Since he took so many AP courses he may only attend for 3 years to get a degree. Knew someone who went to USC and was able to do it in 3 years because of all the AP courses he took in high school.
I was also confused because he appears to be writing about how the course "Music in Our Lives", which he almost didn't take, sparked him to take a musical journey that enriched his life. A nice little story. However at the end, he talks about his wise decision to NOT take the "Music in Our Lives" course.
If I could go back 30 years, I'd have changed my name to something like Hzdak Zhou.
That said, I do wish the kid well. Sounds like he's going to make something of himself.
I’ll decompose the essay and then comment on the acceptances:
The essay is attractive in part because it is not perfect. It’s reasoning is jumbled in places and the flow is jumpy. It’s a bit of a puzzle to unravel. The essay talks of life as a journey and, yet, it itself is a journey. You don’t know where you’re going as you start reading it, and you have to get to the end to find out.

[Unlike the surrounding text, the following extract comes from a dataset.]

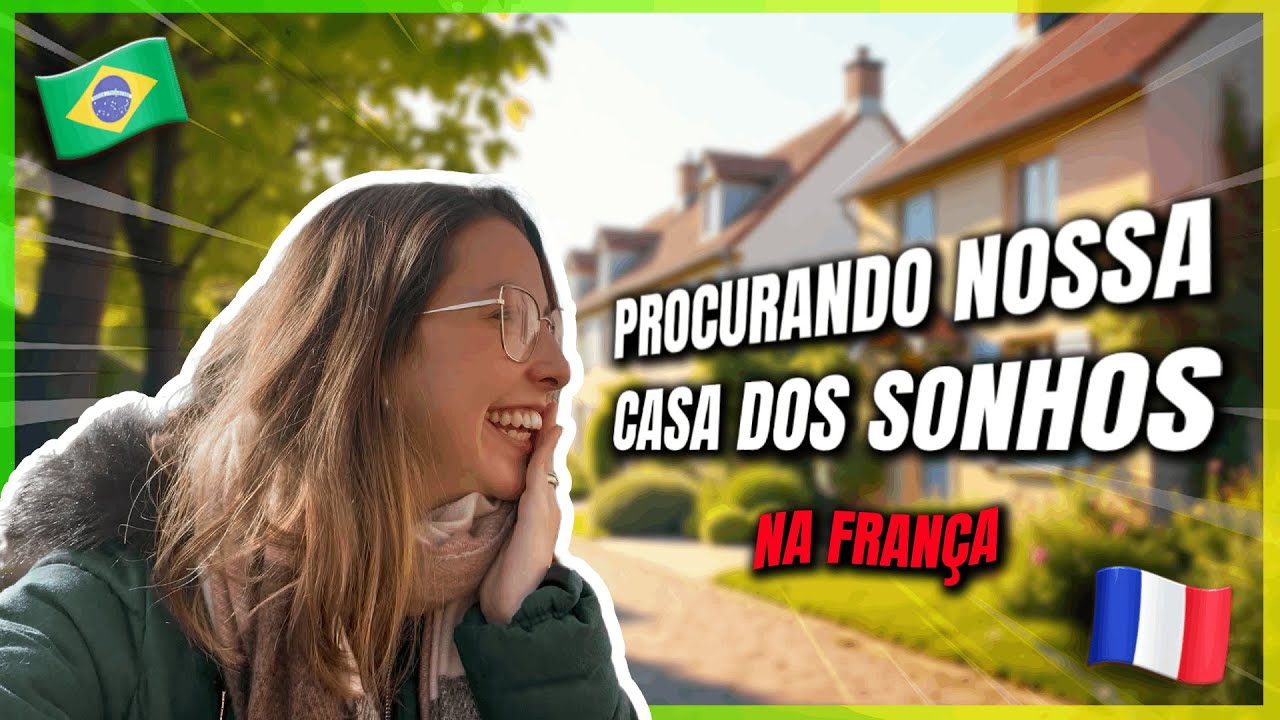 EP1: Por que decidimos construir nossa casa na França (e não comprar pronta!) 🏡 | RDV NA FRANÇA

As to the acceptances, yes, everything lines up, academic potential, giftedness, inquisitiveness, and diversity. With regard to achievement, I can see indications of it (AP courses and involvement in school plays). So, I think that is there as well.
“My mind is a raging torrent, flooded with rivulets of thought, cascading into a waterfall of creative alternatives.”
OK, I can see that. So how about this compromise?: eliminate the corporate income tax, end the nonprofit sector’s tax preferences and let the market decide.
I am underwhelmed, too. In fact, mine was better.
Looks like it could be Obamas’s Kenya born son.
He did what a good college admissions essay does. He explained his talent and passion in a way that the colleges could see how he would contribute to their programs and bring them positive recognition. He tied his experiences with music to his goals. He convinced him that once he starts on a path, he follows through. The essay doesn't sound like his dad's secretary or an admissions coach wrote that essay.
Rule #1 of an admissions essay: The college doesn't want to know or care how they'll be good for you. They want to know how the student will be good for them.
Is that Hedley Lamarr? :)
Great story! Well done.
It is a game unfortunately isn’t it.
I really do think that in this case, race was a factor as well. Not that he doesn’t deserve it, with those academics. Just that the elite schools don’t just take academics, they also look for something else, and I’m guessing they have minority goals they want to meet.
I can’t say this is particularly well written or compelling. In fact, I know it isn’t.
Off the bat, I would give a demerit for the essay for simply not containing itself to one page. A second page for 1-1/2 more lines of text? As kids these days say, “Really?”
When I was in college, I figured out the “essay formula.” Whatever the subject was, you stated that the subject showed how “man’s inhumanity to man transcends the class struggle.” Surround it with some other gibberish and cut and paste cake recipes if you want. The “magic words” were everything and guaranteed at least a B+ as the prof swooned over another student that “gets it.”
Meanwhile I was enjoying some beers with friends at Nick’s or the Bluebird and laughing about it.
This essay is about the same thing. It’s gibberish that sounds profound. Hey, all that matters is whether or not it works.
He may have or he may have had the foresight to allow a competent editor to read and correct his essay.